Let’s say I go shopping in a retail store, looking at polka dot dresses for a gift for my daughter. If I had my phone with me or was wearing a smart watch, they would make contact with the store’s wifi network. Portable devices are constantly scanning in the background for available networks and other devices. Since wifi routers rarely move, their locations are well understood. Google captured and geolocated wifi network names as they traversed public streets to build Google Street View, for example. Many retailers have RFID tags on products like apparel, creating another opportunity for an electronic handshake.  Some locations have geofencing technology that tracks the path that digital devices follow throughout a store.

Technically your phone’s location is private data. And the wifi system, RFID tags and other systems only see a de-personalized identifier. But nearly every application on your device buries a statement into their terms of use to allow them to capture location data and to share it with 3rd parties. If I linger too long in front of the polka-dot dress display, an algorithm may assume shopping intent, based on the time and position and patterns of digital handshakes.
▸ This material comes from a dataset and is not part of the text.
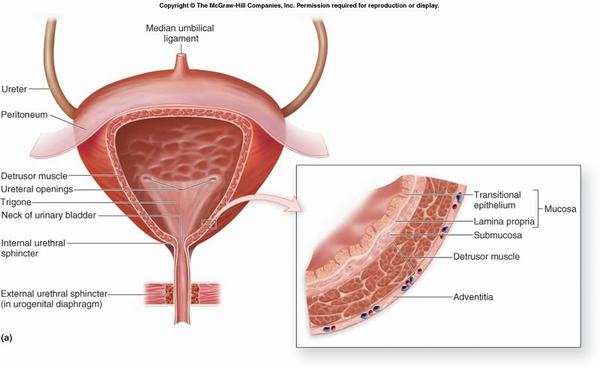 Tiết lộ các bệnh lý về bàng quang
Continuing the story, let’s say I chose not to purchase anything and head home. There is no digital fingerprint from the store’s point of sale system, which likely would have occurred if I passed through check-out and certainly if I used mobile pay. As soon as I arrive home, my phone will electronically “bump into” my smart TV. Remember, each device in this story only shares a de-personalized identifier with each other. So never has there been transmission of my name or Social Security number or fingerprint.
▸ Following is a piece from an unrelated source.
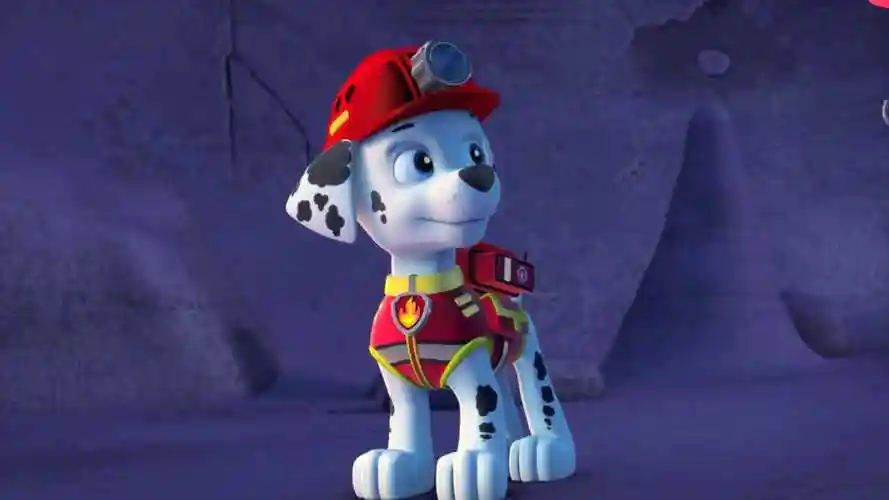 汪汪队莱德受伤狗狗的悉心照顾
The retailer doesn’t need them. The digital device history of interactions is enough. Those device manufacturers share the interaction history – an easy connect-the-dots analysis of my activity – with the TV network, and they know that sharing an advertisement for polka-dot dresses carries a pretty good probability that I’ll notice. Maybe I’ll have buyer’s remorse that I didn’t purchase at the store and follow through with a purchase now.
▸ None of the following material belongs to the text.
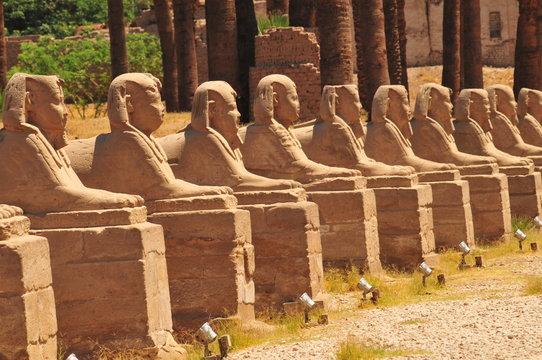 all&eacute;e des sphinx,temple de louxor,egypte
It would be extremely difficult to craft regulation to restrict the use of device location in all cases or to throttle background device-to-device communication. These concepts are extremely useful and at times necessary to deliver services that we want and depend on every day.

Where I think regulation should go is in the direction of giving consumers control over how their data is used. End user license agreements protect commercial interests of how data is used, rather than customer interests. Many devices and software programs won’t install and operate at all, if users don’t surrender to the company’s terms. If a company allows users to exert control over how data is used, nearly always the onus is on the user to take extra action to restrict data use compared to the default state.

I think it would be useful to flip the table and regulate that services must be designed to function in a default state that does not share any personal or device data outside the application itself. Users could opt in to the additional uses of their data, of course. But they would only do so in cases where users truly see the value of consciously making their data available.

This position puts control in the hands of the consumer. It puts more work on industry to build trust with their users through transparency and value creation. When they offer opportunities that customers truly find valuable, then users will offer their data.

A major counter-argument from the tech sector is that if they cede control of private data to the user, rather than take default control themselves, it will diminish the overall market value for industry. Many applications that today are free would need to become paid services, driving up costs for consumers.

I’ll offer a response that is business 101. True market validation has always been defined as delivering products that people are willing to buy. It is time to stop offering “free” tech as a smokescreen for “I’ll take your data.”